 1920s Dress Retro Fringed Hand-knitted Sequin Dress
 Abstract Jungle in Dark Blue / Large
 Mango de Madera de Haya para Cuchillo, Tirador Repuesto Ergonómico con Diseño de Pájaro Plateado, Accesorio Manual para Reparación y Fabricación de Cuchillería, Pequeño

════════════════

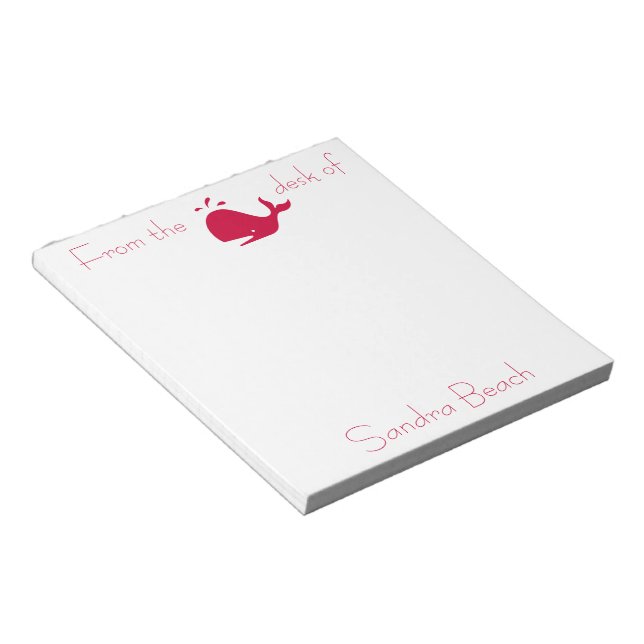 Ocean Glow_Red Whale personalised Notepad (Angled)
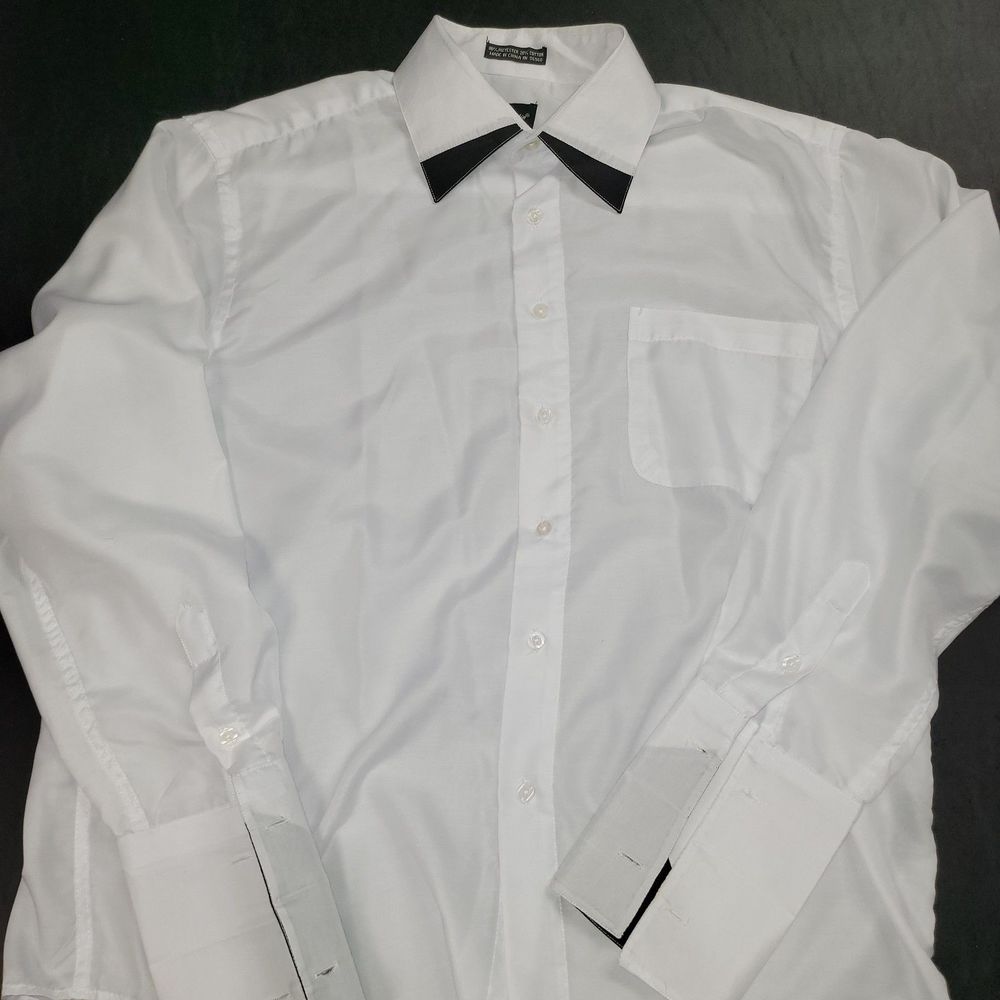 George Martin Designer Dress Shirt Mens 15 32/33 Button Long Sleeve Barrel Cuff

════════════════

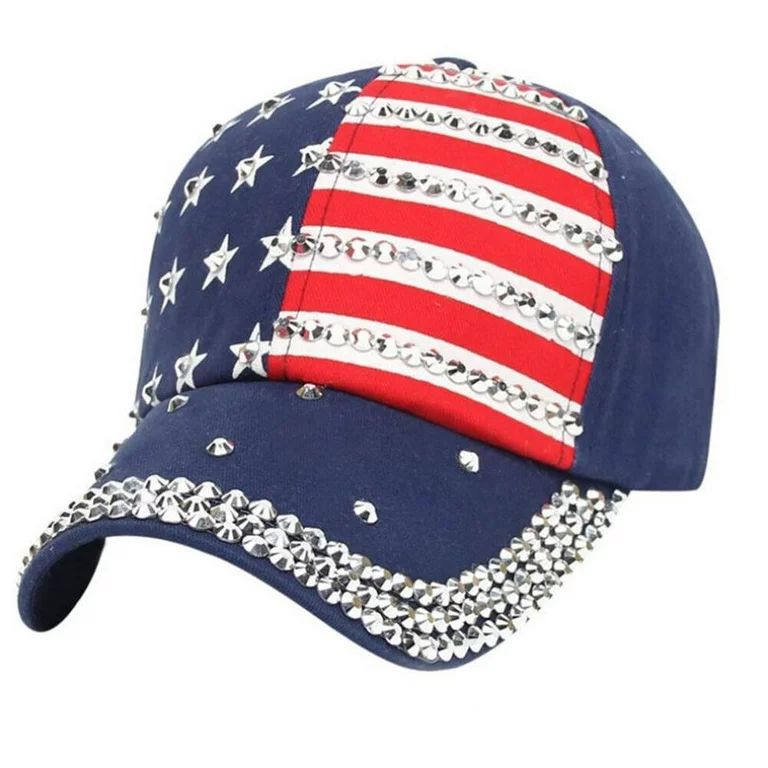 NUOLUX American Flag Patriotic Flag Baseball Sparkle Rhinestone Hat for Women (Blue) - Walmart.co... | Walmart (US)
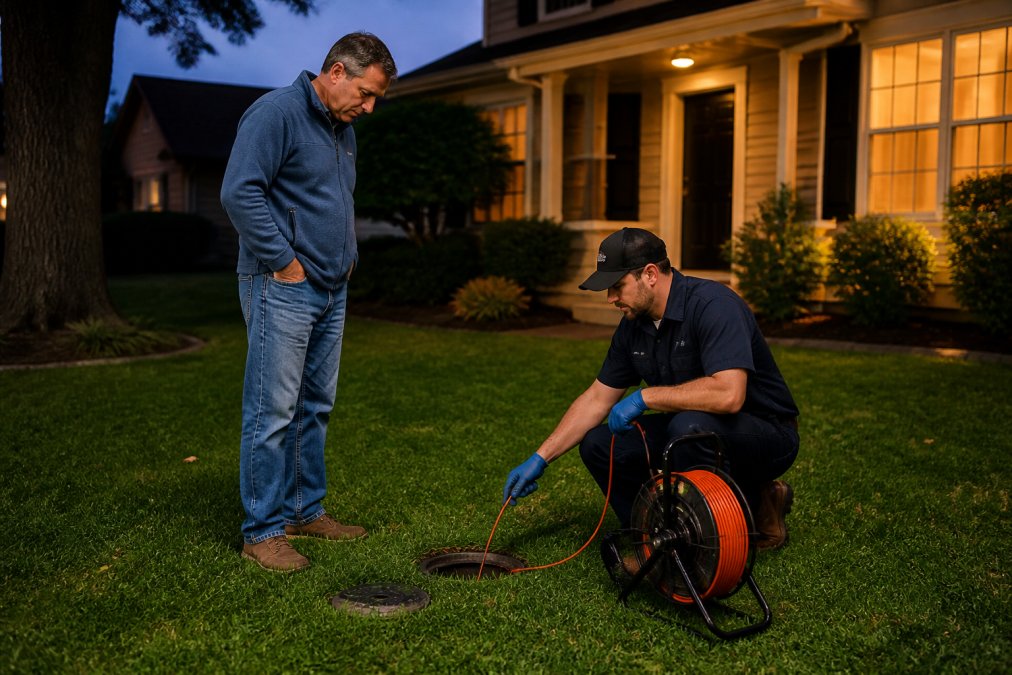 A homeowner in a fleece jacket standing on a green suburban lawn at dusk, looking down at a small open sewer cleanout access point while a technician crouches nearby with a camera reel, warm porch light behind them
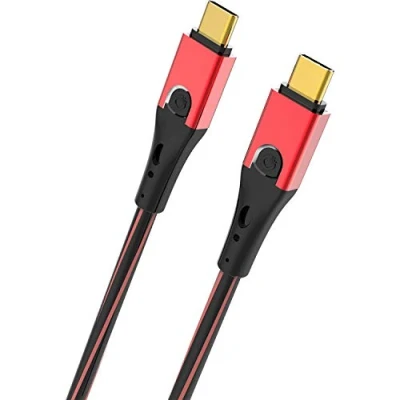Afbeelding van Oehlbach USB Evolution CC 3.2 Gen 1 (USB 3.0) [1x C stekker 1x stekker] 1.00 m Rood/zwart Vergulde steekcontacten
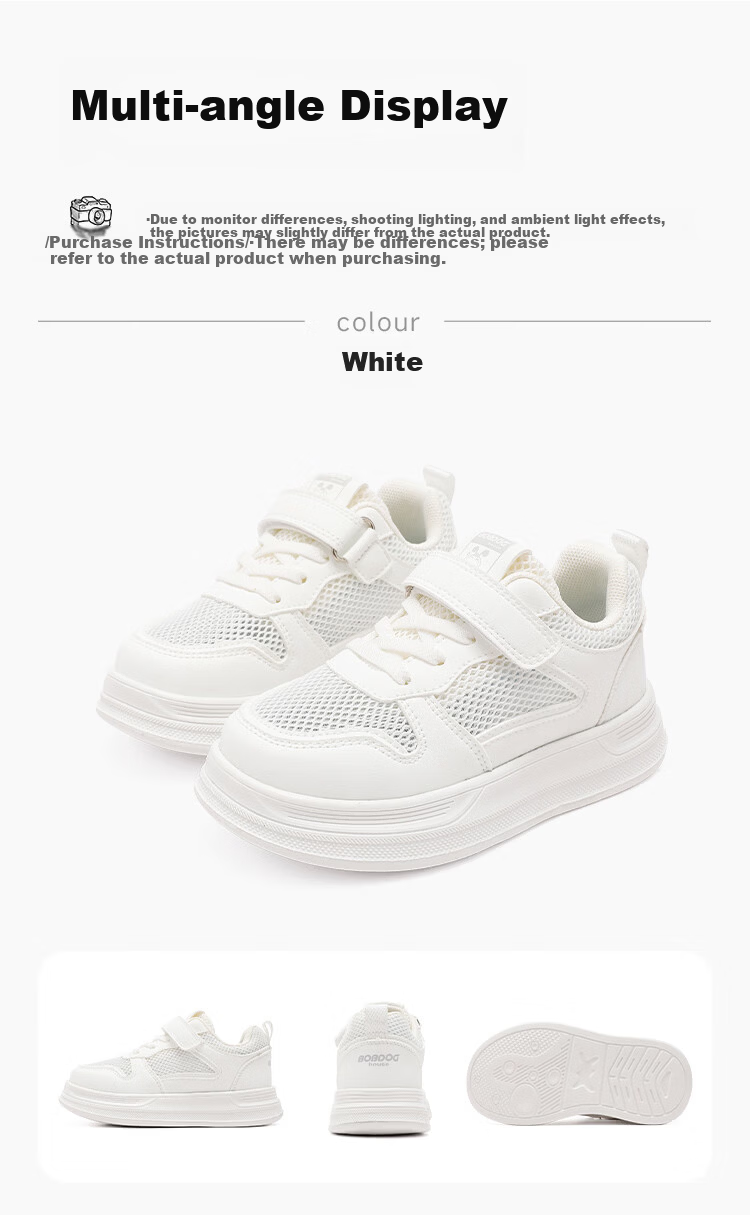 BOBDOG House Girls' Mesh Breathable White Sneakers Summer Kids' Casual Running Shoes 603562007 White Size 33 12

════════════════

- _WHAT YOU WILL DO_:
In the data above, retype only the stretch from the line with "A homeowner in" through the line with "BOBDOG House Girls'", word for word, and skip any pictures.

- _WRITTEN ANSWER_:
 A homeowner in a fleece jacket standing on a green suburban lawn at dusk, looking down at a small open sewer cleanout access point while a technician crouches nearby with a camera reel, warm porch light behind them
Afbeelding van Oehlbach USB Evolution CC 3.2 Gen 1 (USB 3.0) [1x C stekker 1x stekker] 1.00 m Rood/zwart Vergulde steekcontacten
 BOBDOG House Girls' Mesh Breathable White Sneakers Summer Kids' Casual Running Shoes 603562007 White Size 33 12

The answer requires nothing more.